A 2017 report by the Natural Resource Governance Institute (NRGI) ranked Botswana 68 out of 89 in value realisation, with a score of 40 out of 100 points, arguing that the country’s weakest point is value realisation. Additionally, “the government does not require the disclosure of ultimate beneficial owners of extractive projects and public official interests in extractive projects – important anti-corruption protections.”

Further, the NRGI said Debswana, which is a joint venture between De Beers and government, does not disclose the transfers of funds to the government and details relating to the sale of diamonds. The report says although Debswana provides information in its annual reports, NRGI researchers could not find the core financial details that analysts require to provide effective independent oversight of the company. There are concerns that the agreement between DeBeers and Botswana is shrouded in secrecy and that Botswana might not be benefitting as it is supposed to from the sale of its diamonds.

A few days before the just-ended general elections, President Mokgweetsi Masisi declined to speak about government’s relationship with De Beers during a televised debate among presidential candidates. He was challenged to reveal it and to say what he would demand from De Beers when renegotiating the sales agreement contract and the mining licence. Although he maintained his composure, President Masisi must have found this the most dreaded question as he answered that government keeps the deal a secret to protect Batswana without specifying from what the nation was being perennially protected.

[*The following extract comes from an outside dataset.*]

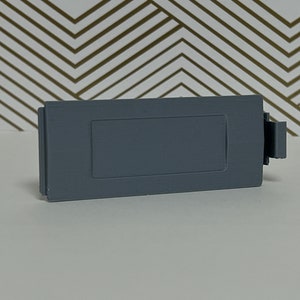 May include: A gray plastic battery cover with a rectangular opening.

This week, government technocrats and De Beers officials were also tight-lipped at the recently held Diamond Conference that was thronged mostly by wealthy market players from London and fat cats from Government Enclave. These are the same people who gather annually to talk about diamonds.

The Botswana Gazette spoke to Neo Moroka, the Resident Director of De Beers in Botswana, on the sidelines of the conference in quest of understanding why, after more than 52 years of diamond mining, De Beers’ procurement budget is enjoyed by foreign companies, especially South African firms, even though De Beers mines most of its valuable diamonds here. This publication’s inquiries were motivated by the fact more than half of a total P7.1 billion that De Beers spent on procurement in 2018 went to foreign companies.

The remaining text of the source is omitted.